Tuesday, December 28, 2010

Christmas Food

A chicken inside a duck inside a turkey. Now if they can make that I'm sure I could do a nice pork-salmon.

Worms

That's the last thing you need. Tapeworms.

Wednesday, November 3, 2010

Starbucks

Venti is Italian. Grande means big, in Spanish. And then 'tall' is American. It just doesn't make any sense!

Wednesday, October 27, 2010

Halloween Costume

I'm gonna be Samuel L. Jackson. And when people guess who I am, I'll say 'You're just guessin that cause I'm black.'

Chilly

I've got some thermals? They're clean.

Wednesday, October 13, 2010

Surveillance Cameras

I bet you can't even sit down and enjoy a potato salad sandwich without somebody seein.

Tuesday, October 12, 2010

College Track

I hated sprinters. They thought they were the best thing since sliced cheese.

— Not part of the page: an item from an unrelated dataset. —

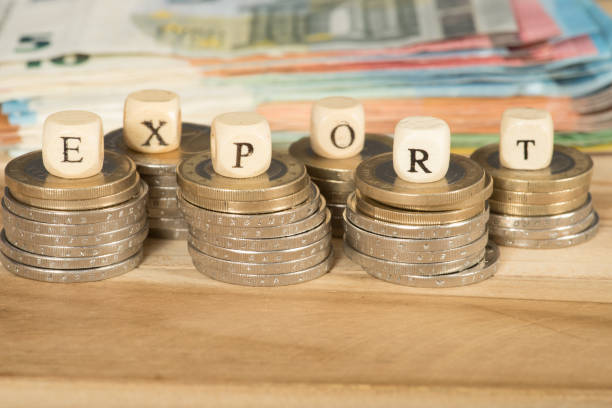 istock Euro banknotes and coins and export 869606954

Wednesday, October 6, 2010

Smell

There must be something happening in the building. Like a garlic fire.

Huge Grapes from Sam's

These guys are on sty-roids. I was thinkin about dressin them up as olives for Halloween.

Friday, October 1, 2010

True Friendship

I'd walk across busted glass for you guys.

Jon's Concert at the Bar

No marsh pits in there, it's too small.

Wednesday, September 29, 2010

Sweet Cheeks

Everybody, just so you know. I asked Beata what she means when she calls me Sweet Cheeks, and she means my face.

Tuesday, September 28, 2010

Photo Shoot

Just pretend you're "The Thinker." And you can keep your clothes on, too.

Tuesday, September 21, 2010

Friday, September 17, 2010

Life Wisdom

Life is like that. Next thing you know you have three arms comin out of places you don't even want to talk about.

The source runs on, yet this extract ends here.